#### Data for the task ####

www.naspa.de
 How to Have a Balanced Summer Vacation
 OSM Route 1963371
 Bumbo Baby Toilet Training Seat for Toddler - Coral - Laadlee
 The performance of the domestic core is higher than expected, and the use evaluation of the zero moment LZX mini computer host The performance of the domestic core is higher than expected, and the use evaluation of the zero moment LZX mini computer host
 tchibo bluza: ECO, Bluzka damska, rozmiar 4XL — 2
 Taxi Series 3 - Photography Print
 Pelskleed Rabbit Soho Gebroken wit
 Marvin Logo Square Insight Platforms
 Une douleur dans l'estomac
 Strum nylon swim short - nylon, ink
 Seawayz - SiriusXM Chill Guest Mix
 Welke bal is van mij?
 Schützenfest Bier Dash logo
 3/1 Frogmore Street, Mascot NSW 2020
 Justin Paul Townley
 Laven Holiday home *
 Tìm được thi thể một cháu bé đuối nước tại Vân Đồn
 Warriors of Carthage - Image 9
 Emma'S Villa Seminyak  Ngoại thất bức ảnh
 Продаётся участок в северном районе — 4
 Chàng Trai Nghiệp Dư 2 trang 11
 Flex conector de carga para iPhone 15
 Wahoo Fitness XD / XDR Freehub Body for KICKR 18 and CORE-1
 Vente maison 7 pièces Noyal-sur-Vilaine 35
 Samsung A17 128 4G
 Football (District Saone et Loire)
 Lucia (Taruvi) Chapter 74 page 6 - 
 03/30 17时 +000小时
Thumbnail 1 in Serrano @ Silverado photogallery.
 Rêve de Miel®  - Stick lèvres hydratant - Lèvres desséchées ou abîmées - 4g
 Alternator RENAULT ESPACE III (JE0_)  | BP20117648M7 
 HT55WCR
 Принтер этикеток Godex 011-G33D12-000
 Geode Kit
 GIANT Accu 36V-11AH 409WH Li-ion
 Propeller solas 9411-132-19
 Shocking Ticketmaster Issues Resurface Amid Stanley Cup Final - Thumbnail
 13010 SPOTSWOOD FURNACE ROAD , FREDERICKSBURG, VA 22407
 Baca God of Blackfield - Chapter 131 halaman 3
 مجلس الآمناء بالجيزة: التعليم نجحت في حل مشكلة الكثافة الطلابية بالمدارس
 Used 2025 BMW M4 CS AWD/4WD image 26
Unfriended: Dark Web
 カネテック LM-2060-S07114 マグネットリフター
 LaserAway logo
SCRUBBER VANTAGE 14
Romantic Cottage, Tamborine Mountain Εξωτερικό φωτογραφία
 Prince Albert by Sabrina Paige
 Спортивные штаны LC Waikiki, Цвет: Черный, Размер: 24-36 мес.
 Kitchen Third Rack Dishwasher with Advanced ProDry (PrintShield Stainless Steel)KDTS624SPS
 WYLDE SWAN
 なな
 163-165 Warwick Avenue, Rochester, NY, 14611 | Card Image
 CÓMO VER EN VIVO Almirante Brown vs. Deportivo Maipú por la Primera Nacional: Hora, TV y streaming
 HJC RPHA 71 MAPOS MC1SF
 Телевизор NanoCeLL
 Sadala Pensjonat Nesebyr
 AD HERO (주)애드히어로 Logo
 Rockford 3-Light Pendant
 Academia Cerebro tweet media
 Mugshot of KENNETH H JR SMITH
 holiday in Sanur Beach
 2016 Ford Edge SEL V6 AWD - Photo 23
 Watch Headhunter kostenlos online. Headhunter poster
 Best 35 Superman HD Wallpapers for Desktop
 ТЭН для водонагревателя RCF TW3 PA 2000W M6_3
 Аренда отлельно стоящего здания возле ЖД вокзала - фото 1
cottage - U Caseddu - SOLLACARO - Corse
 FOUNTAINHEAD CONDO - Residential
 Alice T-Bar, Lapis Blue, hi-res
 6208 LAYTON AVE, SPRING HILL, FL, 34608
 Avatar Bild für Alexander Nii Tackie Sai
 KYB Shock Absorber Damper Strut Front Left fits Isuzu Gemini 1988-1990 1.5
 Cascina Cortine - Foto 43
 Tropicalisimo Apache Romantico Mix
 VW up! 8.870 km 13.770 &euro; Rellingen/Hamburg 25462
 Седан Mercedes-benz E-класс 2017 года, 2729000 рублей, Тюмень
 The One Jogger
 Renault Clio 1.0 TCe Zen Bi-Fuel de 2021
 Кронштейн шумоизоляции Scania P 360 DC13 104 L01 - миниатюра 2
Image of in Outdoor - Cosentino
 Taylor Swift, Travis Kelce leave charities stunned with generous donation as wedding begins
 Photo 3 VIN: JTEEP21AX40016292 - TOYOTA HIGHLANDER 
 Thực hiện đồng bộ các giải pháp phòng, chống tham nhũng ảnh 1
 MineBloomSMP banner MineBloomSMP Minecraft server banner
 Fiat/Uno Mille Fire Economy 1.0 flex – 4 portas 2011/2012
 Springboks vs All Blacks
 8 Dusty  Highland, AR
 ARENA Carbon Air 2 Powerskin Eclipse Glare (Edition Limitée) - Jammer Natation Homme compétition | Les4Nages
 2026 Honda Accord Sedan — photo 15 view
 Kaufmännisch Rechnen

####

Up to and including the line that holds "Pelskleed Rabbit Soho Gebroken wit", reproduce the records above exactly from their first line, and give nothing else.

www.naspa.de
 How to Have a Balanced Summer Vacation
 OSM Route 1963371
 Bumbo Baby Toilet Training Seat for Toddler - Coral - Laadlee
 The performance of the domestic core is higher than expected, and the use evaluation of the zero moment LZX mini computer host The performance of the domestic core is higher than expected, and the use evaluation of the zero moment LZX mini computer host
 tchibo bluza: ECO, Bluzka damska, rozmiar 4XL — 2
 Taxi Series 3 - Photography Print
 Pelskleed Rabbit Soho Gebroken wit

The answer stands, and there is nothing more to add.